The PLC Technician Certificate Program provides a basic introduction to PLCs and focuses on the practical applications of using them in a plant or manufacturing system. This program is designed for students with little or no PLC experience and who require a safe and quick start in the fundamentals of PLC programming.

This program includes PLCLogix 500, our lab simulator that emulates the Rockwell Logix 500 series PLC control software. This simulation software enables you to design, run, test, and debug ladder logic programs and simulate the operation of real-world PLC applications.

Introduction to Automation

This module provides a general overview of automation systems and the role of automation in industry. It also covers the basic principles of flexible automation and flexible manufacturing systems. The advantages of automation are outlined, and the main components associated with automation systems are explored. Automation safety is also discussed in detail. An introduction to automation simulation is presented with an emphasis on practical application.

Learning Outcomes:

Upon completion of this module the student will be able to:

  • Define the term automation.
  • List three advantages of using automation systems.
  • Name six factors affecting the original design of PLCs.
  • Describe the role of automation in industry.
  • Define flexible automation.
  • Differentiate between economy of scale and economy of scope.
  • List three examples of continuous flow processes.
  • Describe the purpose of a flexible manufacturing system.
  • Explain the difference between DCS, RCS and CCS.
  • Define automation simulation and explain its advantages.
  • Name three considerations for automation safety.

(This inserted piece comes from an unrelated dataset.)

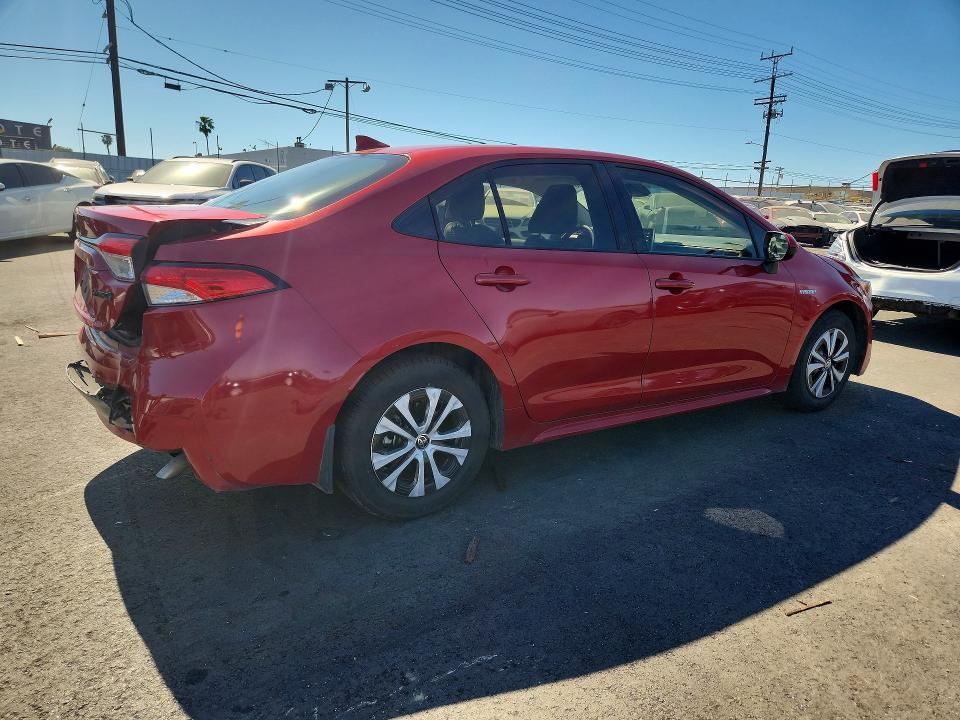 2021 Toyota Corolla Hybrid le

Each of the 19 modules includes learning objectives, practical applications, technical tips, interactive labs, review questions and online final exams.

Image of the Computer Based model

The flexible computer-based modules are designed to fit into your schedule, so you can work at your own pace to complete the program. Students interested in registering for the program can register at any time. Open enrolment allows you the flexibility to complete modules at your own schedule. Typical program completion time is 32 weeks of part time study; however, students with prior training, experience, education or more time allocated to the program may complete it in less time. More than 20 percent of students enrolled in our programs are women, compared with only 2 percent in our traditional classroom-based technology training program. Non-traditional learners are very welcome in the program.

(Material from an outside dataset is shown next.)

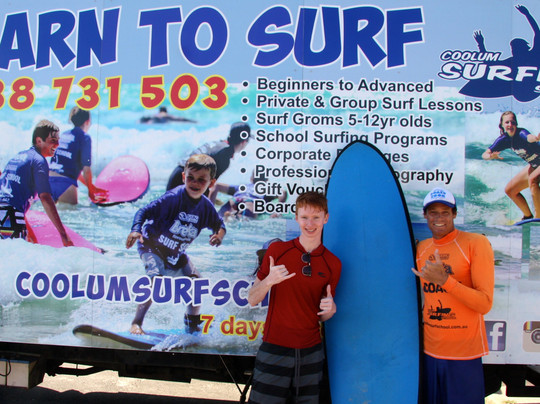 Coolum Surfing School-Coolum Beach必去景点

This module provides a general overview of PLCs and their application in industry. The origins of the PLC and its evolution are covered in detail. The advantages of PLCs are also outlined, and the main components associated with PLC systems are explored. An introduction to ladder logic is presented and the most common types of PLC signals are covered with an emphasis on practical application 

Learning Outcomes:

  • Describe the purpose of a control panel.
  • Define a programmable controller.
  • List six factors affecting the original design of programmable controllers.
  • Name three advantages of PLCs compared to relay logic systems.
  • List the three main components in a PLC system.
  • Understand the term ladder logic.
  • Describe the application of PLC signals.
  • Explain the difference between a bit and a word.

This module is intended to familiarize the student with the most important aspects of the PLC’s central processing unit. Topics covered in the module include memory devices and memory storage, as well as an introduction to data storage and processing. In addition to covering memory utilization and memory mapping, the module also provides detailed information on multiprocessing and PLC scan functions.

Learning Outcomes:

  • Define the term CPU.
  • Explain the purpose of the executive program.
  • Understand the application of buses in a CPU.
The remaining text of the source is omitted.